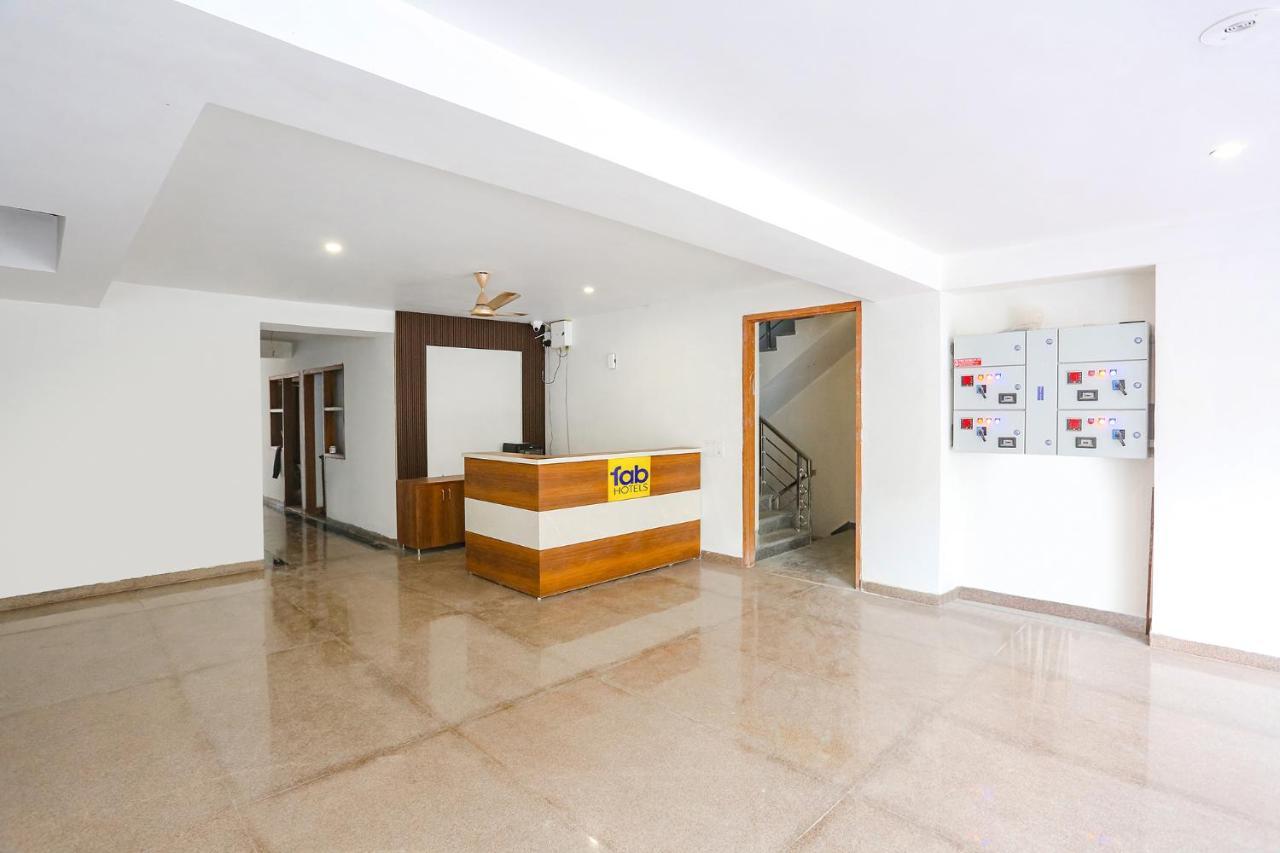 Fabhotel Raahi Retreat Gurgaon Exteriör bild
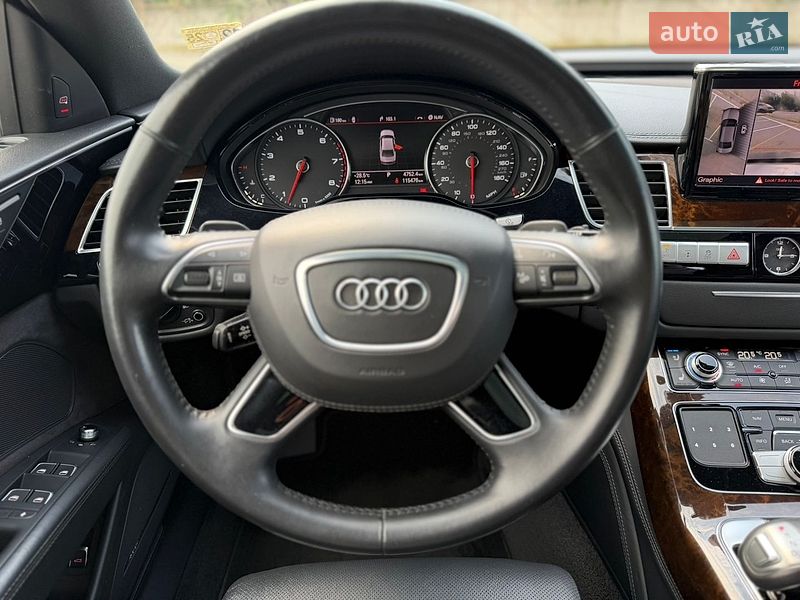 Седан Audi A8 2017 в Киеве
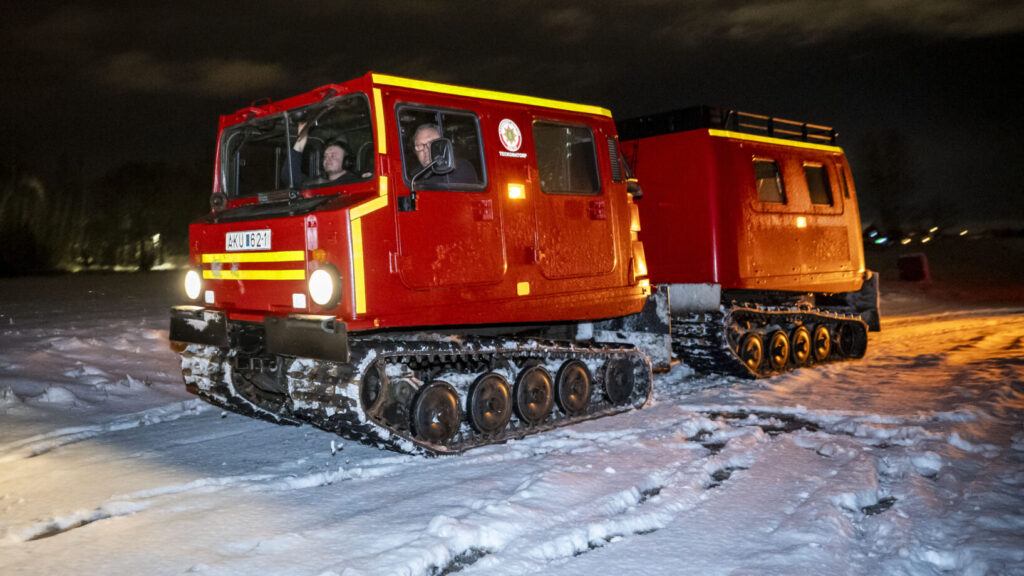 LANDSKRONA 2025-11-20
Bandvagn 206 från Räddningstjänsten i Teckomatorp på plats på Rv 17 / Rv 110 utanför Landskrona på torsdagskvällen. Ett stort antal lastbilar står till på Riksväg 110 i riktning mot Tågarp sent på torsdagskvällen. Lastbilarna hamnade på väg 110 när trafiken på E6:an leddes om efter stopp i snön och den hårda vinden vid Glumslövsbacken under torsdagen.
Foto: Johan Nilsson / TT / Kod 50090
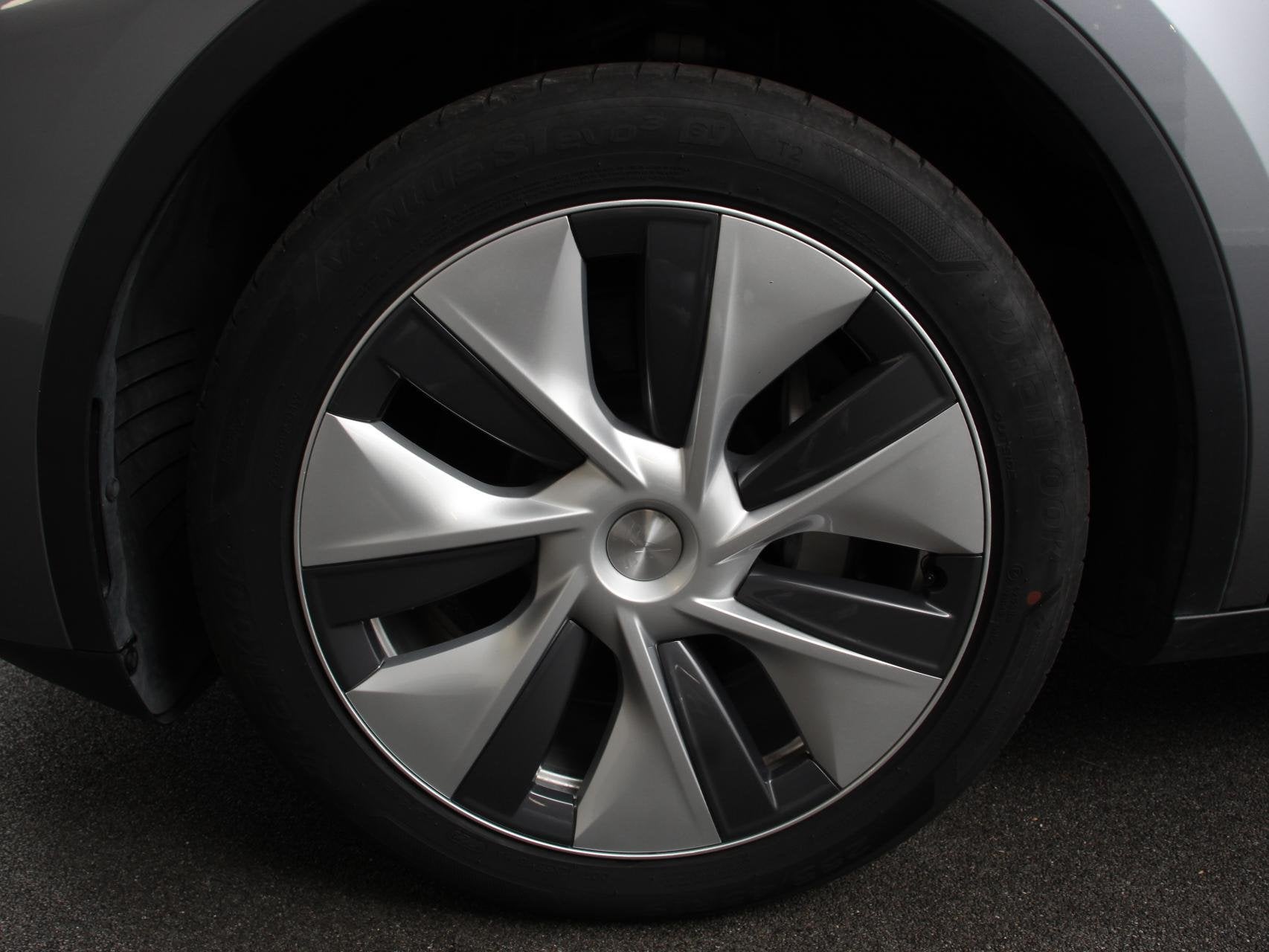 Tesla Model Y Long Range AWD 75 kWh Climate control Adaptiev, Auto's, Automaat, Gebruikt, 495 min, 347 pk
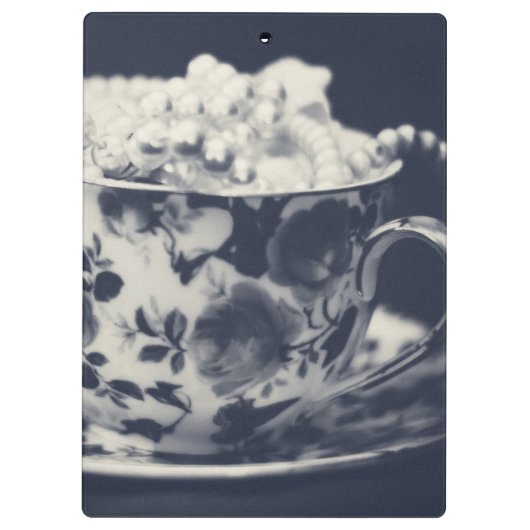 Parels in Tea Cup  Modern Glam Gepersonaliseerd Klembord (Achterkant)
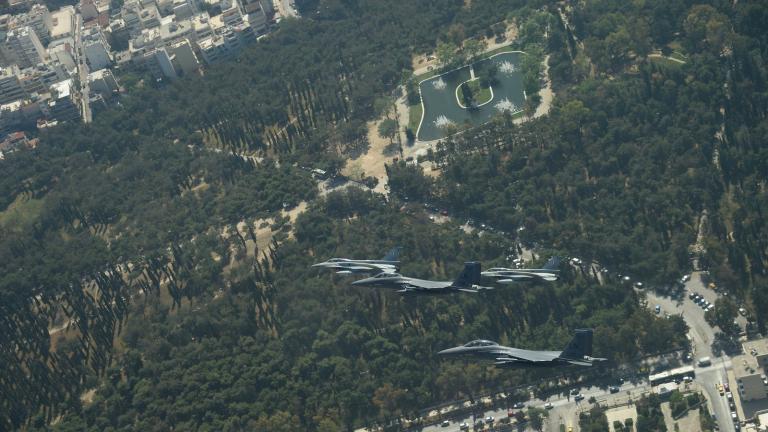 Συγκλονιστικά video από τα πολεμικά αεροσκάφη που τρόμαξαν την Αθήνα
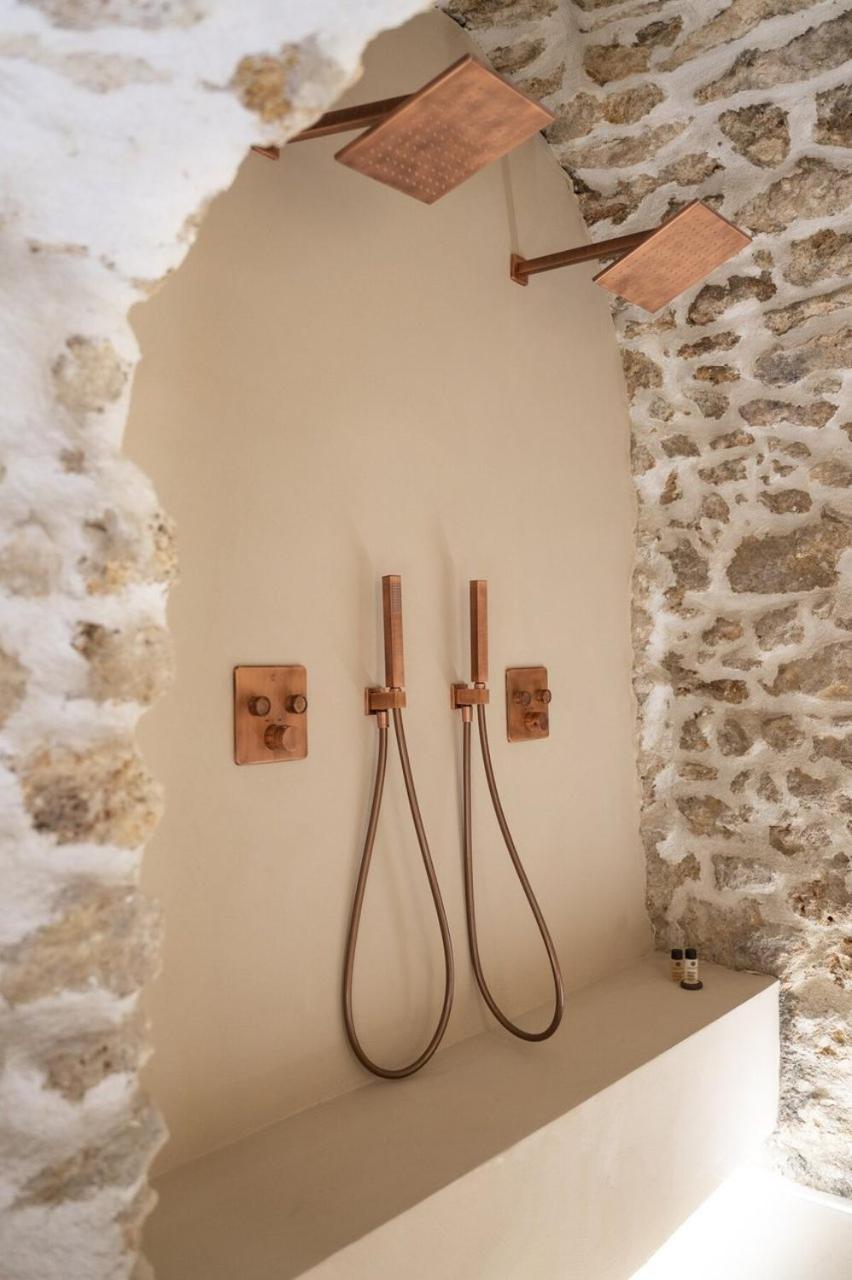 Kaza Bella - Marais Modern Flat With Small Pool Appartamento Parigi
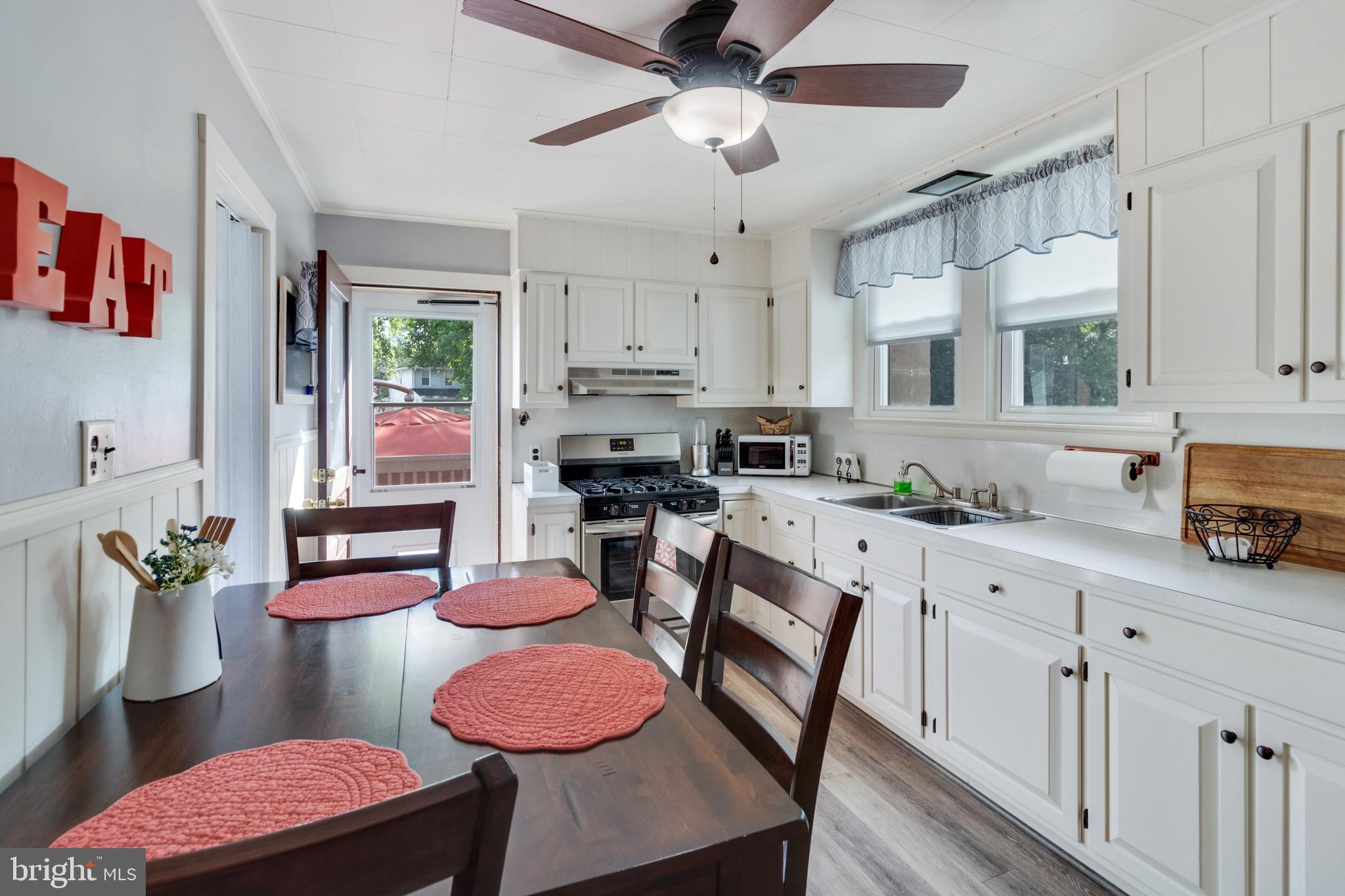 607 Delaware Avenue Riverside, NJ 08075 - Photo 9 of 30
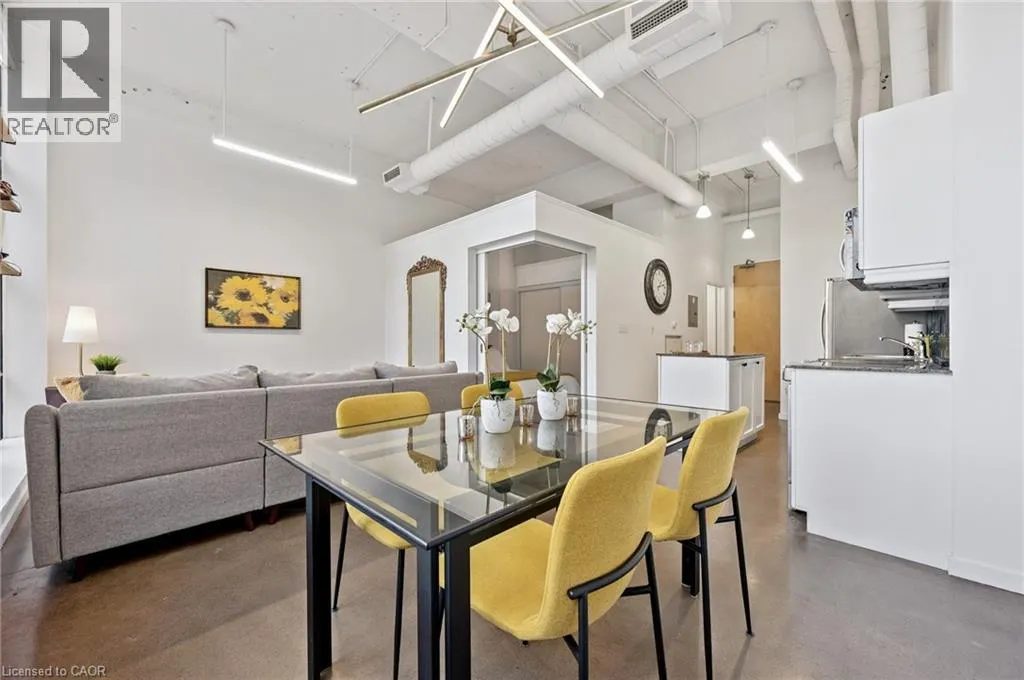 404 KING Street W Unit# 128, #128
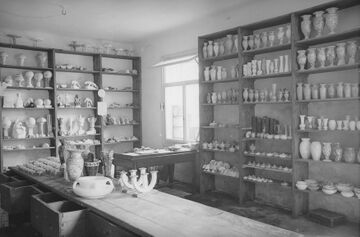 Магазин алебастрових виробів у Журавно (1938) (2)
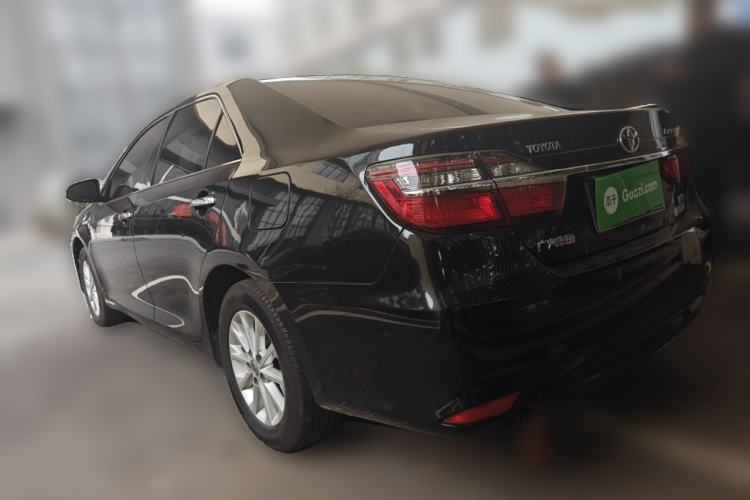 Used Toyota Camry 2016 Dual-Engine 2.5 HG 10th Anniversary Deluxe Navigation Edition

-.-.-

**WHAT THE EXERCISE ASKS**
Copy the lines exactly as they appear from the opening of the entries above through the line with "LANDSKRONA 2025-11-20", excluding all pictures.

**FINISHED EXERCISE**
 Fabhotel Raahi Retreat Gurgaon Exteriör bild
 Седан Audi A8 2017 в Киеве
 LANDSKRONA 2025-11-20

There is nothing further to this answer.